Business simulations have become an integral part of education and upskilling. Faria and Nulsen (1996)1 claimed that about 97.5% of AACSB member schools used simulations as part of their curricula. That was about a quarter century ago. Over time, these simulations have transcended training to encompass designing and assessing systems, scenarios and even people. Executives such as Alan Mulally and Bruce Broussard seem to have been subjects of simulation assessments2.
That being the case, a business simulation’s success is measured by its closeness to reality. Back in 1993, Wolfe3 thought that business simulations had reached a relative point of saturation. But had they? Not at all! Technology and economy have provided plenty of fodder for the increasingly complex business simulations. The user experience and the scope of the simulations have increased drastically and dramatically across industries and specializations.
Despite this, in the words of Woods, “There’s always stuff to work on…”
The in-depth integration of human behavioral science into business simulations has still a long way to go. Human performance models and human-in-the-loop simulations have, for quite a few years, been given considerable focus in areas such as aviation, where simulations are built with high physical fidelity. But business simulations, being abstract computer representations, seem to lack this focus. It’s high time this oversight gets corrected.

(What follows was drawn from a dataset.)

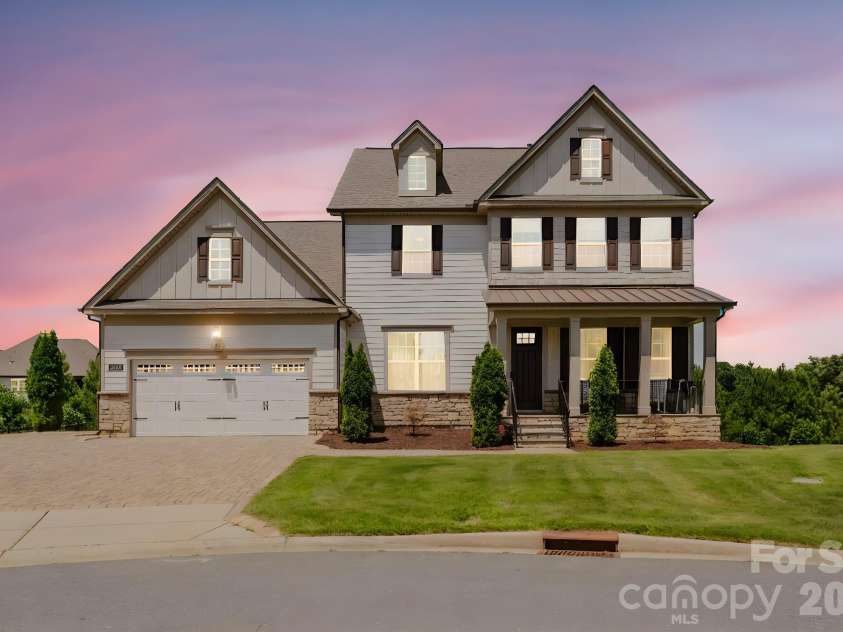 15431 Cimarron Hills Lane, Charlotte, NC 28278.  MLS# CAR4298385, YatesRealty ID 8774. 15431 CIMARRON HILLS LANE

I was recently invited to be a panelist for a business simulation contest organized by a major conglomerate. At the awards, one of the dignitaries who addressed the students said, “Do you know what’s different in real time from the simulations you’ve played? People! You can’t simulate people!”
But what if we can? Or at the bare minimum, what if we intend to? Take for instance, a business simulation game in which the player, sensing that he has too many people in the workforce, lays a few off. As far as the simulation goes, these are mere numbers. The simulation engine would probably translate a reduction in workforce into a reduction in cost. On the contrary, consider the CEO of a real company who must lay a few people off. What’s the psychological impact? Will a few other critical resources resign? Will the low morale bring down productivity in the short term? How about redistribution of the workforce rather than reduction? A simulation that accounts for all such questions would pull the player or the assessor closer to reality, thereby making the simulation experience more meaningful and successful.
Coming back to Sully, “You’re looking for human error. Then make it human!”